> _Study material_
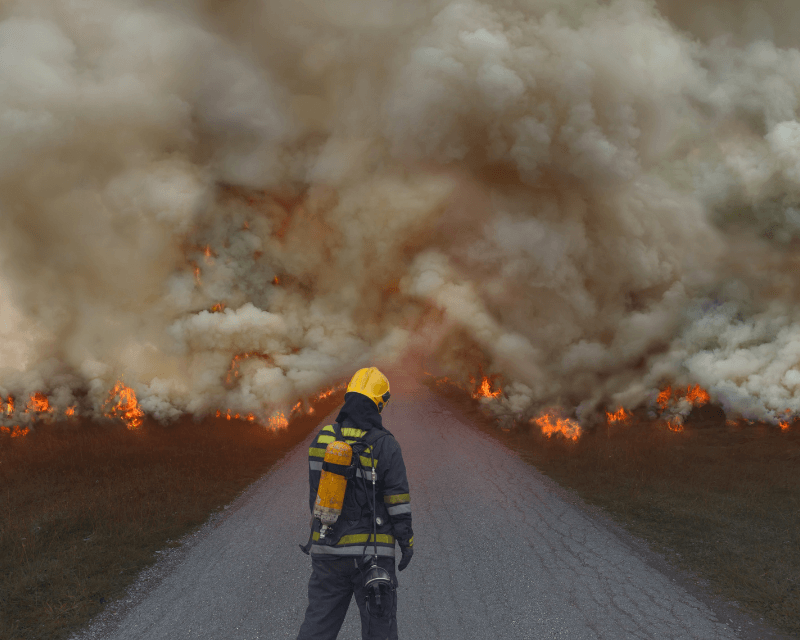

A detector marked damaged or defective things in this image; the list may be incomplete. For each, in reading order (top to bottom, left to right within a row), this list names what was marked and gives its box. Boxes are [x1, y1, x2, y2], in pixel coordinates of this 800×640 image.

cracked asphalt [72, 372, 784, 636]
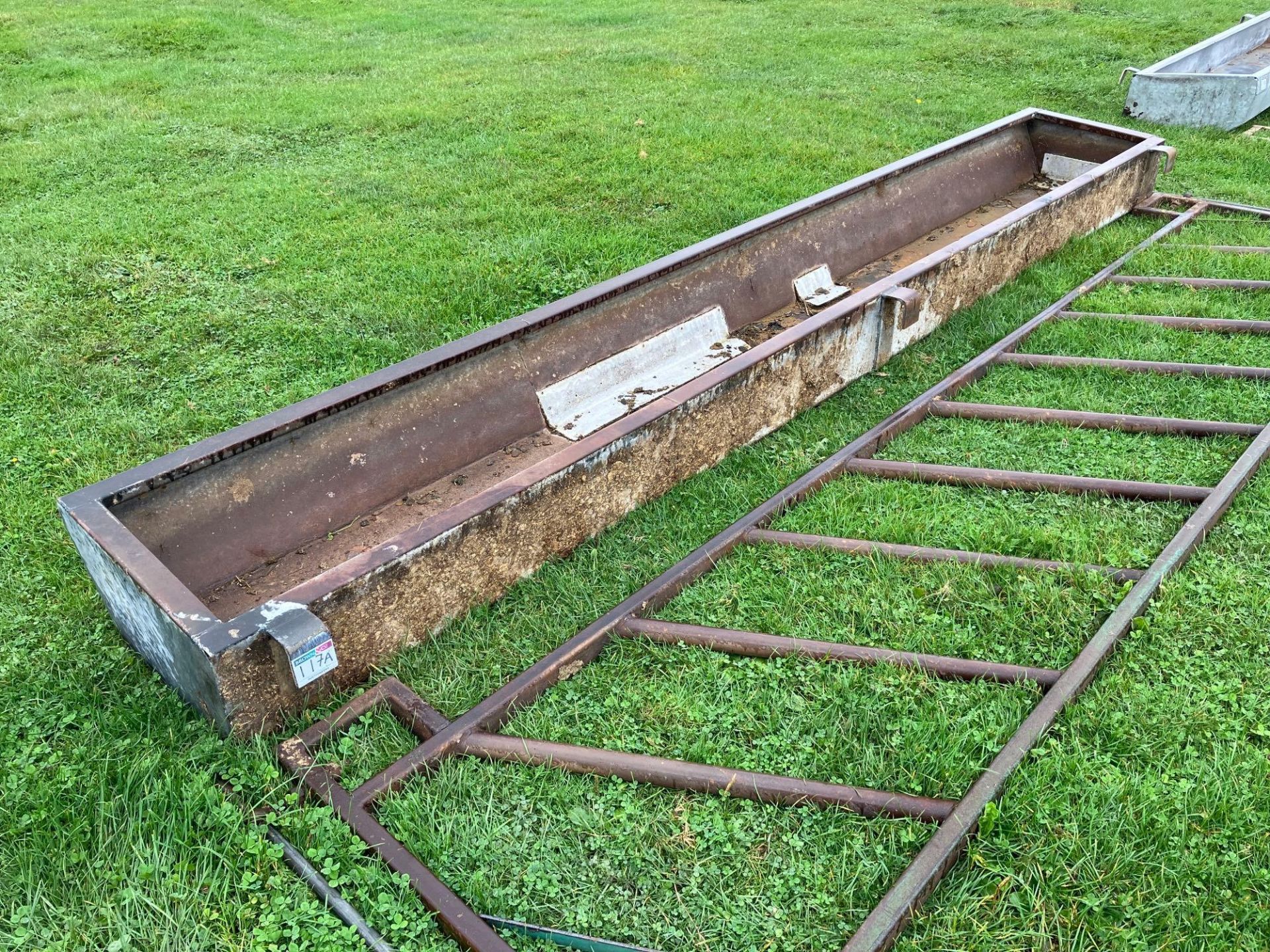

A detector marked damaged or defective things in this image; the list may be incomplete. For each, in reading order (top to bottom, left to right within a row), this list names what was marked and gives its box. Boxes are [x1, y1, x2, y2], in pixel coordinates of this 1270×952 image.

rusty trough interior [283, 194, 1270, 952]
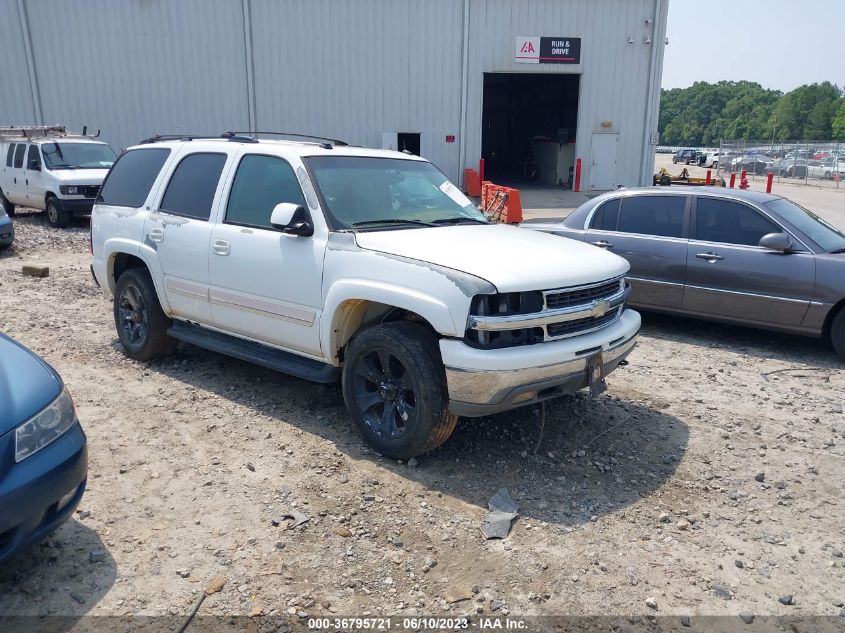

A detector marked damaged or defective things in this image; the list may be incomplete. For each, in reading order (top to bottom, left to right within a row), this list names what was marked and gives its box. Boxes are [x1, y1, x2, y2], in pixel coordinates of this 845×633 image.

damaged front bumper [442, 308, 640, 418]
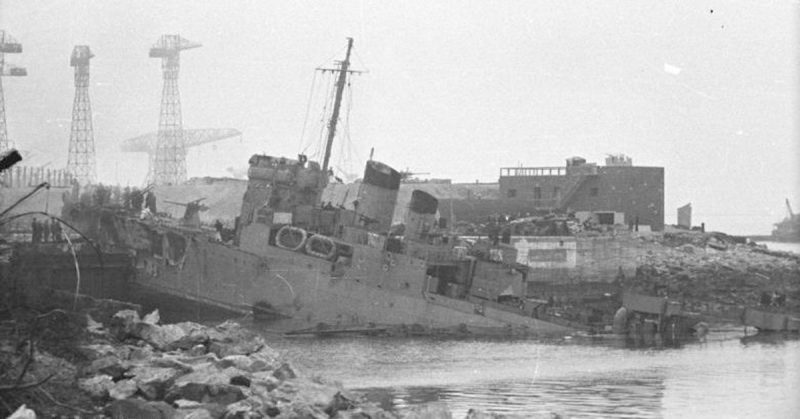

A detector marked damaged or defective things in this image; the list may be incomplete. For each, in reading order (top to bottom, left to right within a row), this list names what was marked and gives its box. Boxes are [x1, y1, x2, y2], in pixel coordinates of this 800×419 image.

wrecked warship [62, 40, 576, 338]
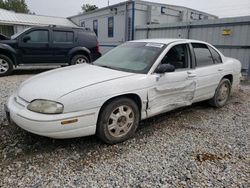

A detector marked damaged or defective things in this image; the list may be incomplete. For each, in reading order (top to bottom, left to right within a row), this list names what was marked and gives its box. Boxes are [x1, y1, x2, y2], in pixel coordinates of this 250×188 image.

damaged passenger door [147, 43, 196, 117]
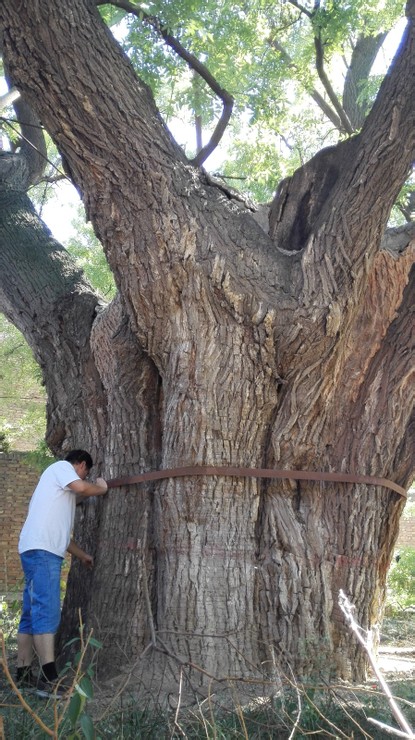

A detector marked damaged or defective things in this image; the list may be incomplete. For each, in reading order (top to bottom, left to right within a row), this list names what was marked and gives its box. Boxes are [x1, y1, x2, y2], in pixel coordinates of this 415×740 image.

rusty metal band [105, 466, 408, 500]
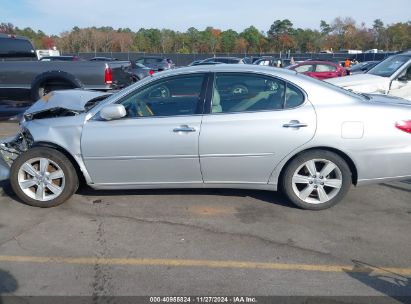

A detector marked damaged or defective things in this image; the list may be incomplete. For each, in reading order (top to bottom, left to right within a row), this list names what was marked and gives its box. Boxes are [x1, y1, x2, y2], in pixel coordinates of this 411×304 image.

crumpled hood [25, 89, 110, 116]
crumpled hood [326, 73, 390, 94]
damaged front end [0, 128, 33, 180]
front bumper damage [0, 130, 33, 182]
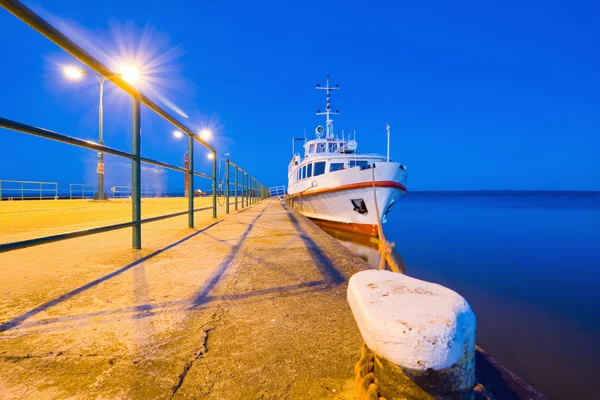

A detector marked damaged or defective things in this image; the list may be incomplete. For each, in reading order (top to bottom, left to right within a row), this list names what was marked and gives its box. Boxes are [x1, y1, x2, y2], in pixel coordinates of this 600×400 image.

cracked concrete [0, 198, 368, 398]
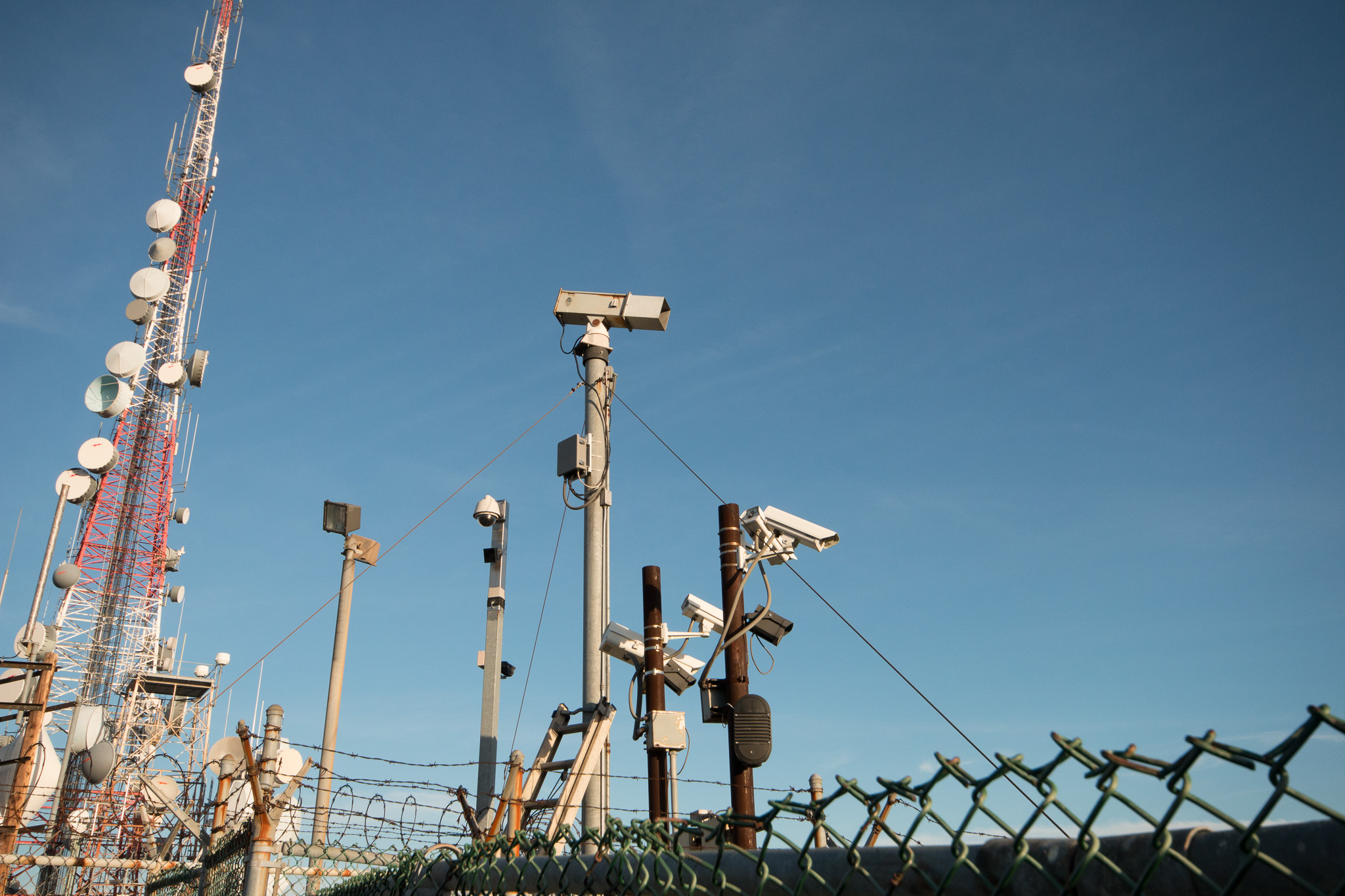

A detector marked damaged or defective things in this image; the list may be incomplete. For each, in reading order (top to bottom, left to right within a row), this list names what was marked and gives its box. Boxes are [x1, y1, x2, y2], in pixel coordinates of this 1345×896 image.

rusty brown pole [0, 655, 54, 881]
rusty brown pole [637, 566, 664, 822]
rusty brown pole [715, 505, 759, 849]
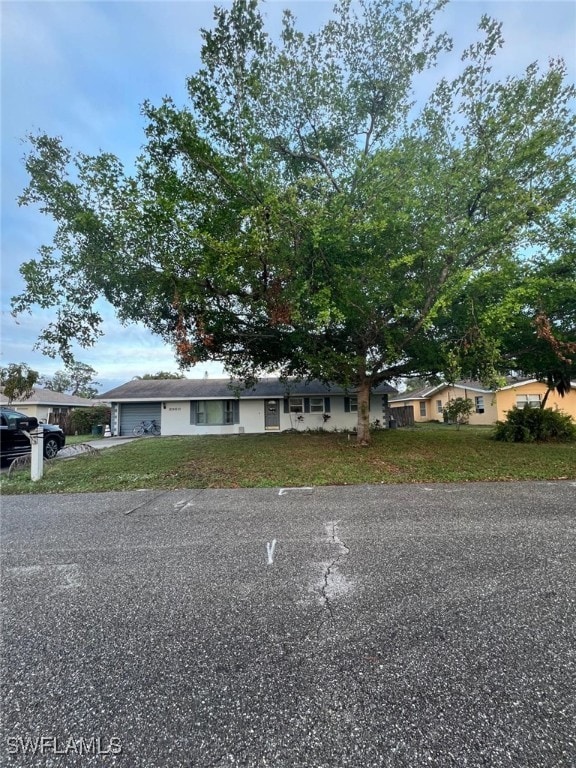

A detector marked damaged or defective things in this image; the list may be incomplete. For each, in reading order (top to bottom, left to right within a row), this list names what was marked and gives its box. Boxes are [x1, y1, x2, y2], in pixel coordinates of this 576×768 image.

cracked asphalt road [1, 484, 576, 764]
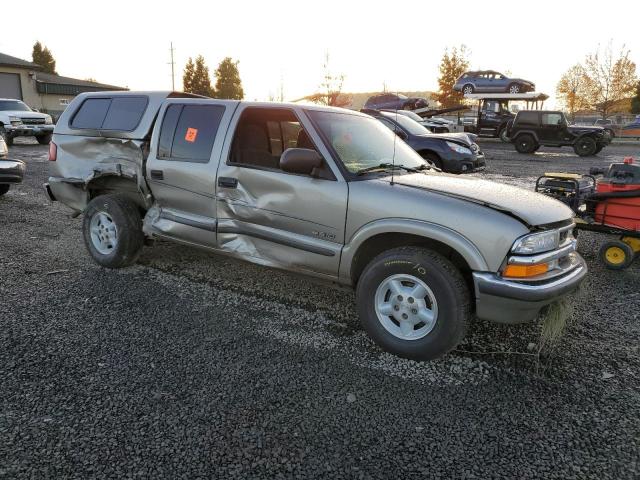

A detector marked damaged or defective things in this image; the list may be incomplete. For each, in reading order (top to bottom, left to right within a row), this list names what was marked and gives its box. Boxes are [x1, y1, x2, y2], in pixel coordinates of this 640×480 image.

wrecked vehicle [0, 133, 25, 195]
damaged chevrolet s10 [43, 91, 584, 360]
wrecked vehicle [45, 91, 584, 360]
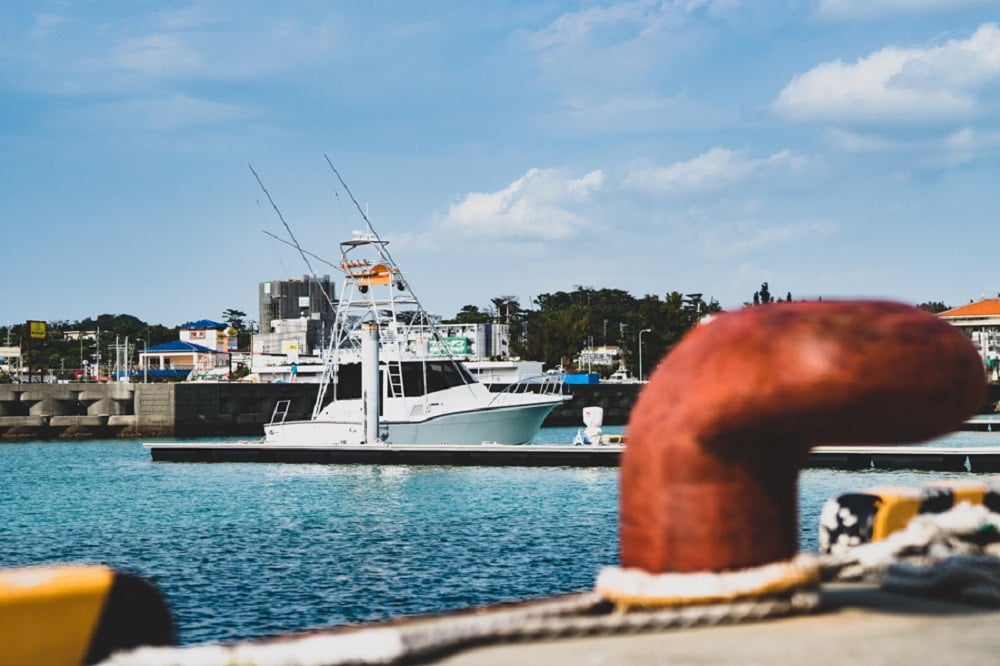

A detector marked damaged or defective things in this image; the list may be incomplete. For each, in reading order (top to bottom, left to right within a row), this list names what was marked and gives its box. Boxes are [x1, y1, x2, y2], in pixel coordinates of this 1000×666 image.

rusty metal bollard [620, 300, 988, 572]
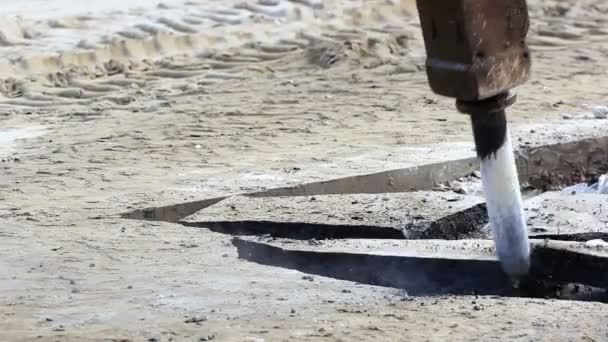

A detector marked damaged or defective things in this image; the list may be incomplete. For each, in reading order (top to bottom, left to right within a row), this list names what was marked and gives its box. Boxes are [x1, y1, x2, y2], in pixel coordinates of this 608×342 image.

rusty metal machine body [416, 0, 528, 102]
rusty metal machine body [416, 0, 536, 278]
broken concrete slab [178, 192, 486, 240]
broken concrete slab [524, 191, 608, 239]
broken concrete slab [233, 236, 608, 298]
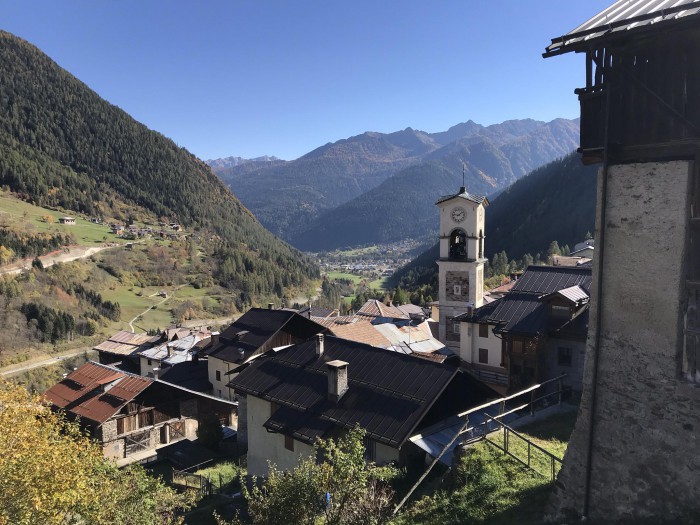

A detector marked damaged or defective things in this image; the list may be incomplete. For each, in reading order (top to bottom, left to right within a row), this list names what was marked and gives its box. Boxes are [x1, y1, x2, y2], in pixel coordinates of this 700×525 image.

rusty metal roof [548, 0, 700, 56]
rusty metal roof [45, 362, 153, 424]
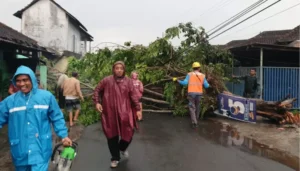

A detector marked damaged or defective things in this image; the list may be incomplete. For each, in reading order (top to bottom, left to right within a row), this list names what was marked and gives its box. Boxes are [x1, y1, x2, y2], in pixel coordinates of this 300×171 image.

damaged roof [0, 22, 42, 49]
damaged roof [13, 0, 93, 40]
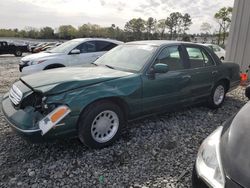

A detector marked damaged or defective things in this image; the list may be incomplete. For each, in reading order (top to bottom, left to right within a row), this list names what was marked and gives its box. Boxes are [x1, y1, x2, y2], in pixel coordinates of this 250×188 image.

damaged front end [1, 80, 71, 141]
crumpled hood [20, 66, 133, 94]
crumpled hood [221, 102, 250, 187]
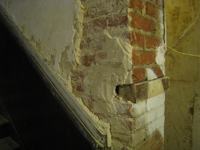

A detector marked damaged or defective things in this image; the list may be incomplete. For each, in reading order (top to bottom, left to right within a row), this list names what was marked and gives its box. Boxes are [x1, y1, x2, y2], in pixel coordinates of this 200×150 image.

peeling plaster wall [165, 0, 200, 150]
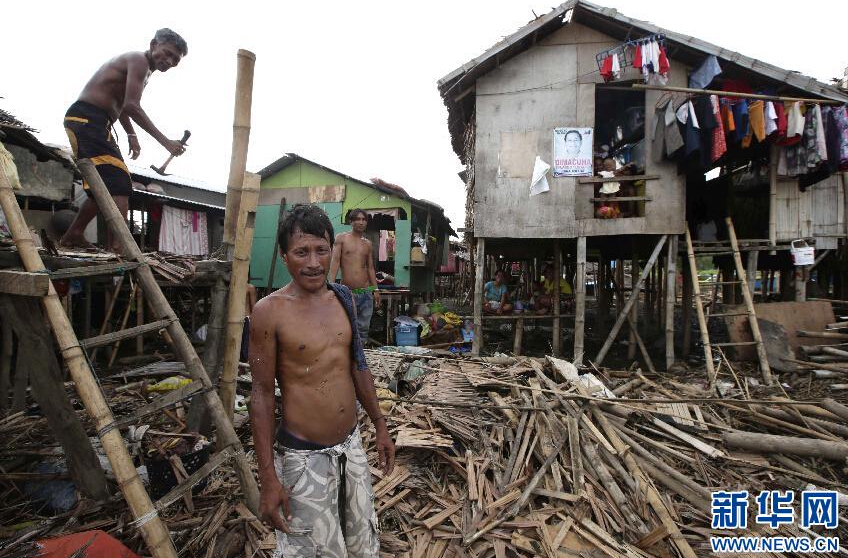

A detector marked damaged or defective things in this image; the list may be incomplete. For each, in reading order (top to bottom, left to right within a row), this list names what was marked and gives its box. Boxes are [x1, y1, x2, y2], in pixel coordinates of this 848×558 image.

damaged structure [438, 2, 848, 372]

> _What you will do_
The response should be the lines from the one containing "this 848×558 image." through the last line of the data, set down exactly and with no other line.

> _Response to the exercise_
A detector marked damaged or defective things in this image; the list may be incomplete. For each, in reading order (top to bottom, left to right within a row), this list names what was marked and gives its box. Boxes are [x1, y1, x2, y2], in pixel coordinates of this 848×558 image.

damaged structure [438, 2, 848, 372]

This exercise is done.